Francisco Valverde-López et al. Ann Gastroenterol. 2020 May-Jun.

Abstract

Background: Endoscopic ultrasound (EUS) is useful in the diagnostic workup of idiopathic acute pancreatitis but its role as a predictor of recurrence has not been thoroughly assessed. Our aim was to study the performance of EUS in idiopathic acute pancreatitis, its impact on the natural history of the disease, and the factors related to recurrence.

Methods: Patients with idiopathic acute pancreatitis referred to our endoscopy unit were enrolled and followed, with assessment of the performance of endoscopic retrograde cholangiopancreatography (ERCP), cholecystectomy, and the incidence of recurrence. EUS findings and recurrence rates were compared between patients with a first episode or recurrent attacks and in patients with previous cholecystectomy versus those with gallbladder in situ.

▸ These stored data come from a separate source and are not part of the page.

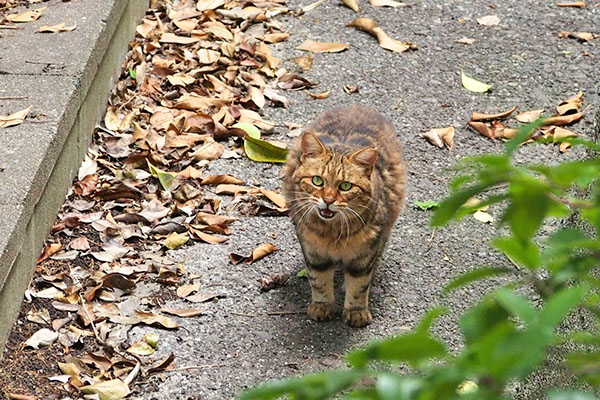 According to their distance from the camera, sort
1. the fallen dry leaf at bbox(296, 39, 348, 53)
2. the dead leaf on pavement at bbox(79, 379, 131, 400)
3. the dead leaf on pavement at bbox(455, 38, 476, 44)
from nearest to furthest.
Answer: the dead leaf on pavement at bbox(79, 379, 131, 400) → the fallen dry leaf at bbox(296, 39, 348, 53) → the dead leaf on pavement at bbox(455, 38, 476, 44)

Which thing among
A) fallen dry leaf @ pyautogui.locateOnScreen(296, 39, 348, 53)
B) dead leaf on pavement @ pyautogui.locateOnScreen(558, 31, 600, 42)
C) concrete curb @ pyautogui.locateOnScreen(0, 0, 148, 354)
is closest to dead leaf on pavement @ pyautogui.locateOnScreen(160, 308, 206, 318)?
concrete curb @ pyautogui.locateOnScreen(0, 0, 148, 354)

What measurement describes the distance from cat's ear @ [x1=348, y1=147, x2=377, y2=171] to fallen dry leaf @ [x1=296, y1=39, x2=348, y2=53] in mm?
2361

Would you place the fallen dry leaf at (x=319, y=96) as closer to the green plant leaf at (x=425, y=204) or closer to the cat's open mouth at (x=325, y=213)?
the green plant leaf at (x=425, y=204)

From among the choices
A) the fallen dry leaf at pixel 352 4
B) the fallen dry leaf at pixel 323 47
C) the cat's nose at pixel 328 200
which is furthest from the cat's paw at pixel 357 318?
the fallen dry leaf at pixel 352 4

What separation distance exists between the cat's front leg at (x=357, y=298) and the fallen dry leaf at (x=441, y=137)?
1459 mm

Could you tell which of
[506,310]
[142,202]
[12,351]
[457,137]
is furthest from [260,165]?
[506,310]

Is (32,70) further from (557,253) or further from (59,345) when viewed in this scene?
(557,253)

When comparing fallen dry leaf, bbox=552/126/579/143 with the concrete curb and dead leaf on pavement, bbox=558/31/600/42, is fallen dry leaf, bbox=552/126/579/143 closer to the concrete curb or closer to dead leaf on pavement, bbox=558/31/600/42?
dead leaf on pavement, bbox=558/31/600/42

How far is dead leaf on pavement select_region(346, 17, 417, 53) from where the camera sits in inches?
242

Results: One hundred six patients were included (mean follow up: 53.59±27.79 months). Biliary disease related to stones was the most common finding on EUS (49.1%), and patients referred for recurrent attacks showed the highest recurrence rate during follow up (57.1%). ERCP or cholecystectomy reduced recurrences to 14.3% in patients with biliary disease. Age under 65 (odds ratio [OR] 3.56, 95% confidence interval [CI] 1.21-10.44; P=0.02), previous cholecystectomy (OR 3.19, 95%CI 1.11-9.17; P=0.03), and no lithiasis on EUS (OR 2.87, 95%CI 1.04-7.87; P=0.04) were independent risks factors for recurrence.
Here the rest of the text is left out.